WHAT THE TASK REQUIRES
The lines below, from the one containing "Alacakaranlık saat Tokyo" through the one containing "Maison à vendre 6 pièces 232 m²", should be set down exactly, with no pictures and nothing else.

THE DATA
____

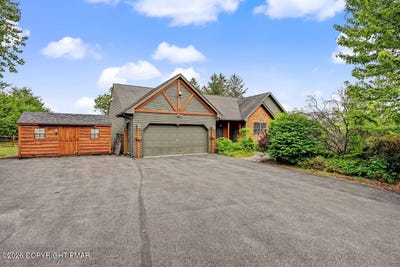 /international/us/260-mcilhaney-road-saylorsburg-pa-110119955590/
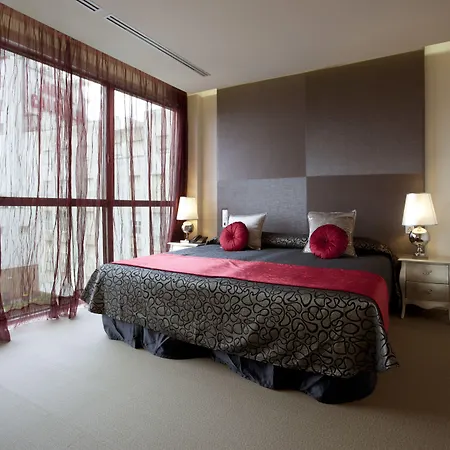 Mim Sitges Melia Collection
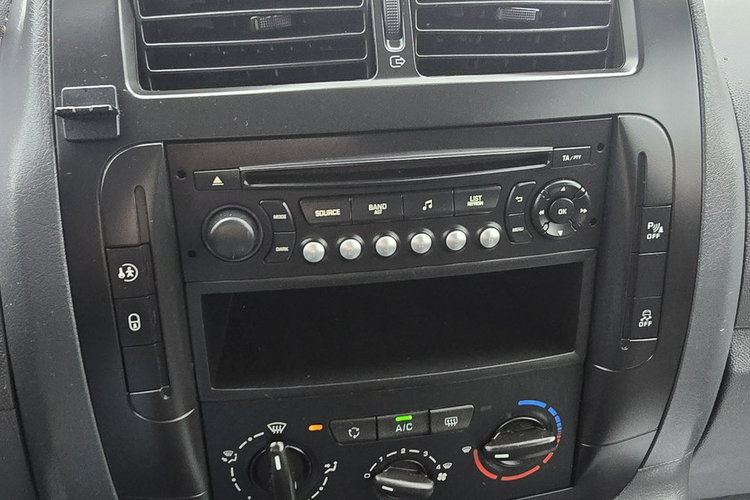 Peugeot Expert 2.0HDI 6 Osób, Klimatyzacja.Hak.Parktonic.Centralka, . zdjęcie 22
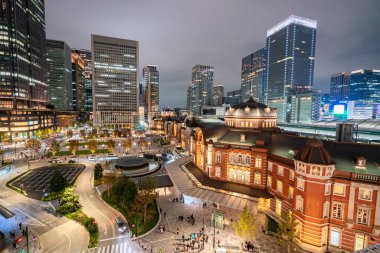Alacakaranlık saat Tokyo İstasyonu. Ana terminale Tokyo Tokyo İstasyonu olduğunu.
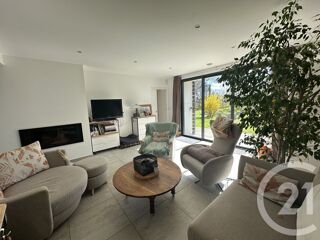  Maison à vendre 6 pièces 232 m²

____

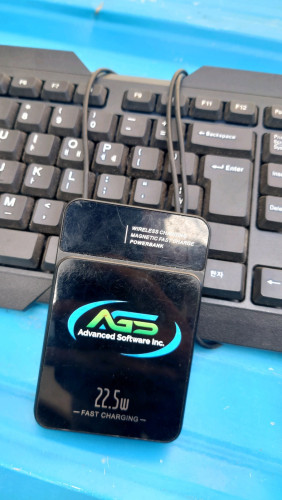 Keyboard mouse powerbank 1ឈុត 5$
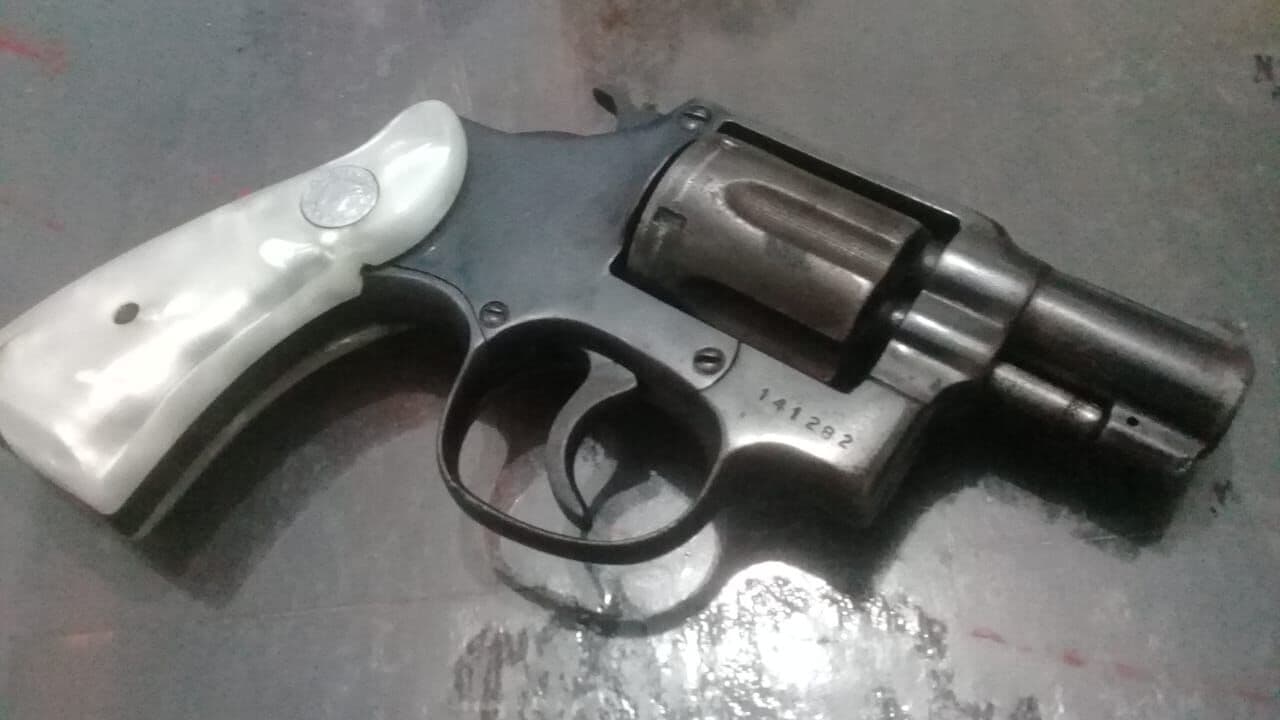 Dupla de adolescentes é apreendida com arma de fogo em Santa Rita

____

WORKED SOLUTION
Alacakaranlık saat Tokyo İstasyonu. Ana terminale Tokyo Tokyo İstasyonu olduğunu.
  Maison à vendre 6 pièces 232 m²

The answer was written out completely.